IHS, an analytics company, released its price breakdown on the device Thursday. When new popular tech gadgets are released, IHS typically estimates the cost of each part's price. The company also estimates how much it costs a company to manufacture a particular device.
For the Galaxy S 4, IHS released two different estimates because Samsung uses different components for the device depending on the region in which it's selling the smartphone.
For the U.S. version, IHS estimated that it costs Samsung $237 to build one of the phones, including the manufacturing cost. The South Korean version, however, costs an estimated $252 to build.
What's the difference? IHS cited differences in various parts, the biggest being the processor.
According to IHS, the U.S. version that is sold by AT&T uses a Qualcomm SnapDragon 600 quad-core processor. The South Korean version uses an Octacore Exynos 5 processor. That processor is built by Samsung itself and uses twice as many cores as the U.S. processor. As a result, it is more powerful and more expensive.

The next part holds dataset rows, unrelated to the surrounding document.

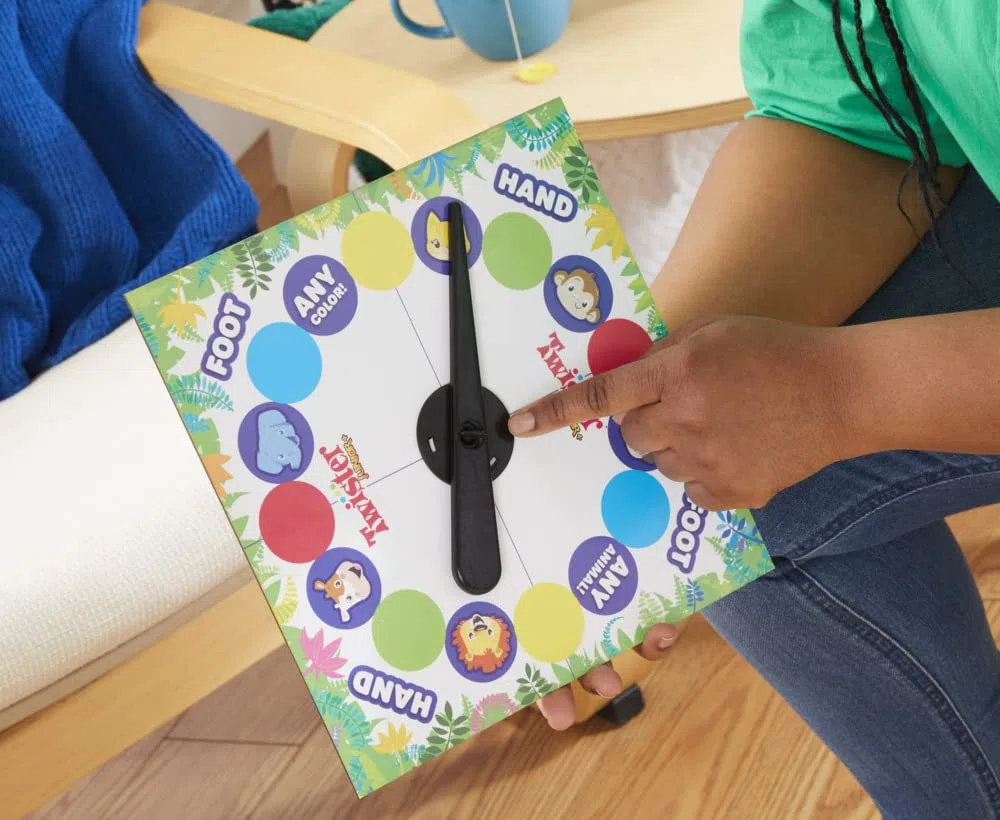 Hasbro Twister Junior Spiel | 2-seitige Tierabenteuermatte | 2-in-1 Familiengesellschaftsspiel für Kinder (polnisch-ungarische Ausführung) | Geschenkidee für 3 Jährige und Board-Fan
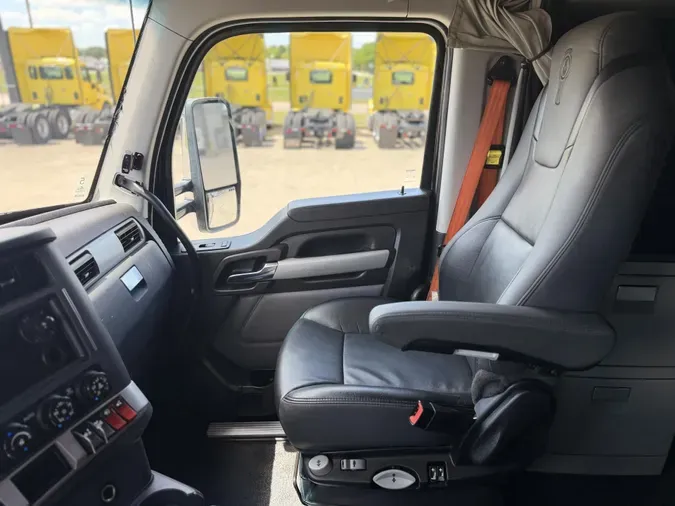 2022 Kenworth T680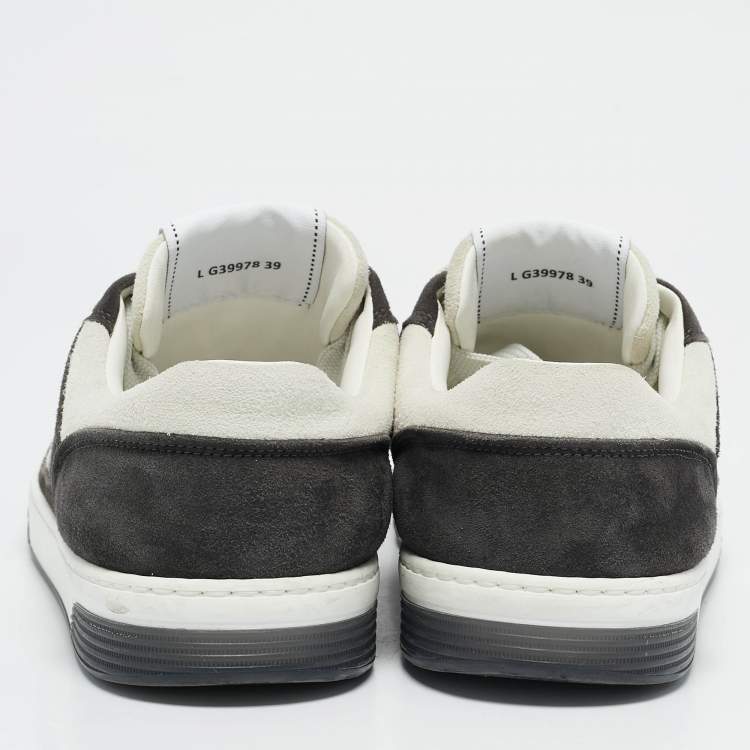 Pre Owned Chanel Black/Off White Suede Interlocking CC Logo Low Top Sneakers Size 39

Samsung's approach to building different versions of its phone, each suited to different markets, demonstrates how company's approach differs from Apple, which builds one device for every market, IHS said in its report.
"With at least four different known incarnations of the Galaxy S 4, Samsung is demonstrating its strategy of offering a mobile product that has appealing features and pricing -- and then adapting the device to suit the tastes of varying markets or regions,” Vincent Leung, senior analyst of teardown services for IHS, said in the report.